Jorge Mario Bergoglio: enquanto alguns argentinos destacam à ajuda do novo papa aos colegas torturados pela ditadura, outros o responsabilizam pela prisão e tortura de jesuítas (GettyImages)
Da Redação
Publicado em 15 de março de 2013 às 09h56.
Buenos Aires – Para os moradores da favela Villa 31, no centro de Buenos Aires, Mario Jorge Bergoglio é austero e humilde – um homem talhado para ser o papa dos pobres. Ele é comparado ao padre Carlos Mujica, que trabalhava nos bairros mais carentes da capital argentina e foi metralhado pela repressão na década de 1970. Seu corpo foi enterrado na Capela Cristo Operário, que ele inaugurou na Villa 31.
“Eu me lembro do dia em que trouxeram o corpo do padre Mujica, do Cemitério da Recoleta, para ser enterrado aqui. Levamos o caixão por estas ruas e conosco estava Bergoglio, que rezou missa por ele”, contou, em entrevista à Agência Brasil, Saul Sanchez, padeiro da favela.
“Mujica e Bergoglio são parecidos – os dois são o que chamamos de curas villeros (padres favelados). Quando ainda era arcebispo de Buenos Aires, Bergoglio vinha aqui e tomava mate conosco. Nos visitava pelo menos duas vezes ao ano”.
Na Argentina, as opiniões sobre Bergoglio são divididas. Pesa sobre ele a suspeita de que foi conivente com a última ditadura (1976-1983), responsável pela morte ou o desaparecimento de cerca de 30 mil opositores. A denúncia foi feita pelo jornalista Horacio Verbitsky, no livro O Silêncio, sobre o papel da Igreja Católica no regime militar.
Presidente do Centro de Estudos Legais e Sociais (Cels) – uma organização não governamental (ONG) de defesa dos direitos humanos –, Verbitsky ouviu os jesuítas Orlando Yorio e Francisco Jalics.

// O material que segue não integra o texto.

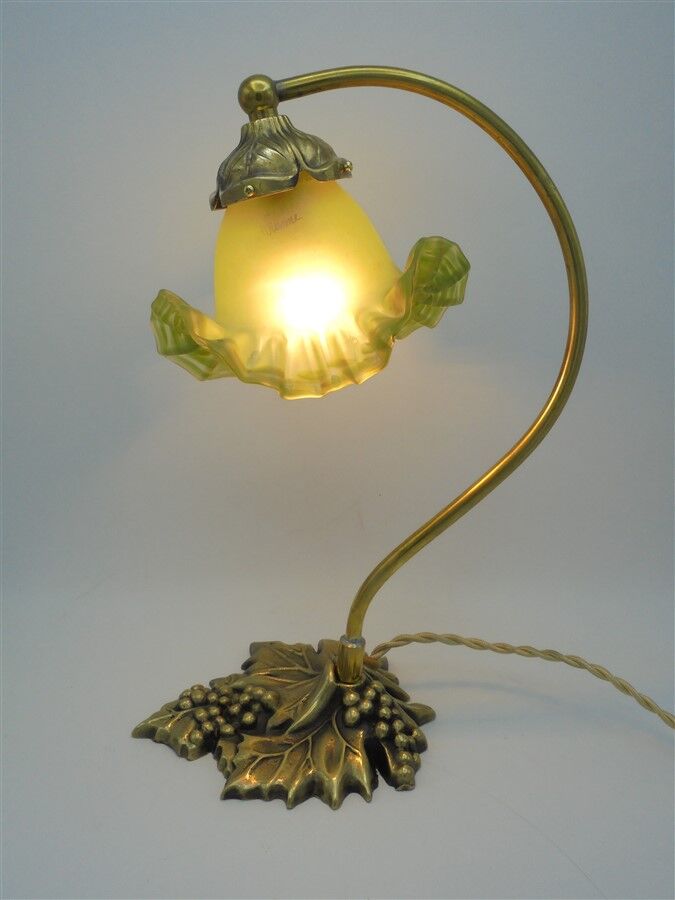 Lampe en laiton et tulipe signée "Vianne"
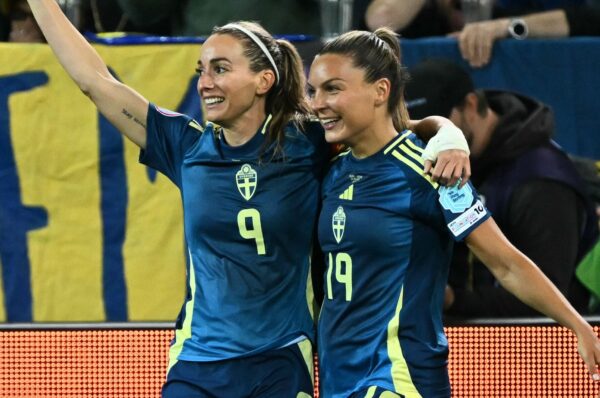 Alemania y Suecia avanzan a cuartos de la Eurocopa con autoridad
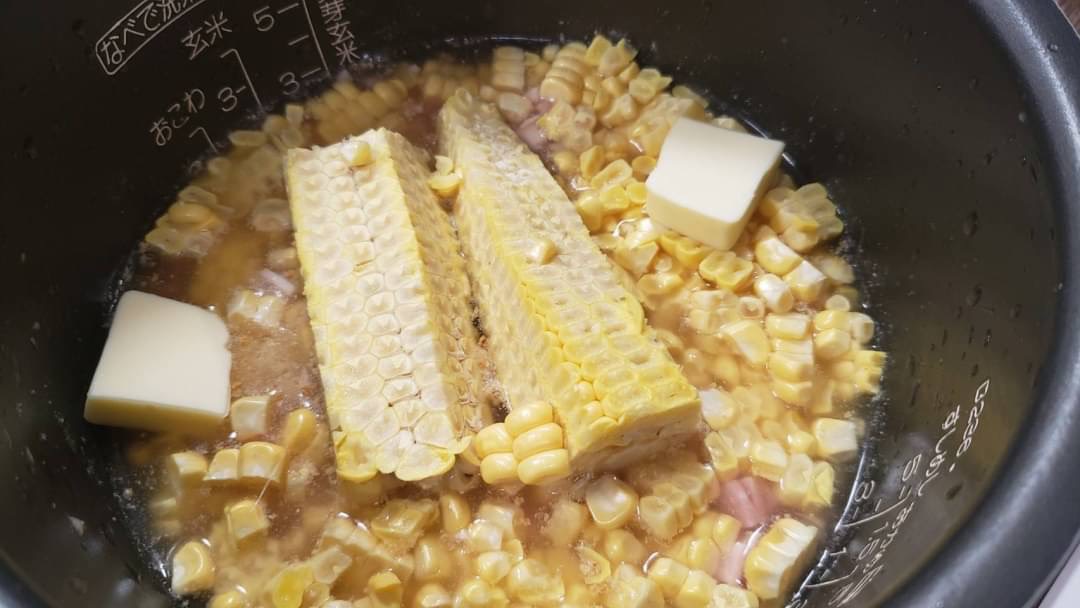 とうもろこしが出回る時期に必ず作るこの炊き込みコーンピラフ、材料ぶちこんでほっとくだけで本当に美味しいんでみかけたら是非…  炊飯器に洗った米2合、コンソメ大1、酒大2、とうもろこし1本、ベーコン90g、バター20g入れ炊き、黒胡椒、醤油大1混ぜ完成  もろこしの芯から甘味が出てマジ最高です… 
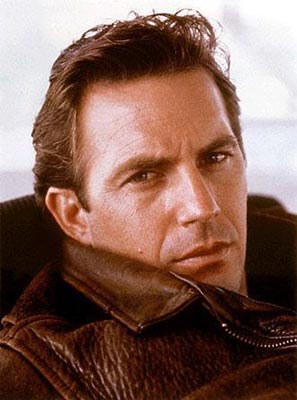 Kevin Costner Photo (  )    /  - 11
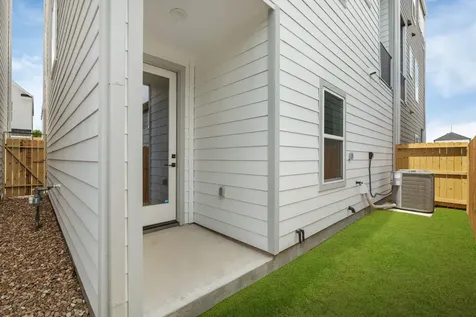 5824 Highland Sun Lane Houston TX 77091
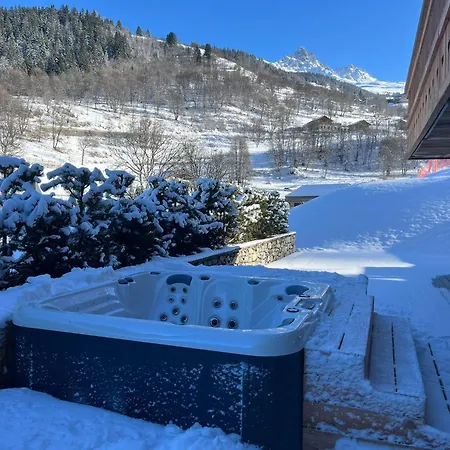 Apartment Le Cheval Blanc, Aux Pieds, Jacuzzi Meribel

Os dois foram sequestrados em 1976 e levados a um centro de tortura clandestino, que funcionava dentro da Escola Mecânica da Armada – a temida Esma.
As denúncias são de que muitos dos torturados na Esma acabaram sendo jogados vivos, de aviões, no Rio da Prata – nos chamados voos da morte. Os dois sacerdotes foram soltos depois de cinco meses e Yorio acusou Bergoglio de ser o responsável pela prisão e tortura que ambos sofreram.
Yorio morreu de ataque cardíaco há 13 anos, mas seus parentes continuaram investigando o passado. A pedido deles, Bergoglio foi chamado para prestar depoimento no julgamento dos responsáveis pelos crimes cometidos na Esma.
Ao saber que o arcebispo de Buenos Aires tinha sido eleito papa, Graciela, a irmã de Yorio, reagiu: “Não posso acreditar. Estou tão angustiada, com tanta raiva, que não sei o que fazer”. O desabafo, foi enviado a Verbitsky e reproduzido por ele em sua coluna no jornal Página 12.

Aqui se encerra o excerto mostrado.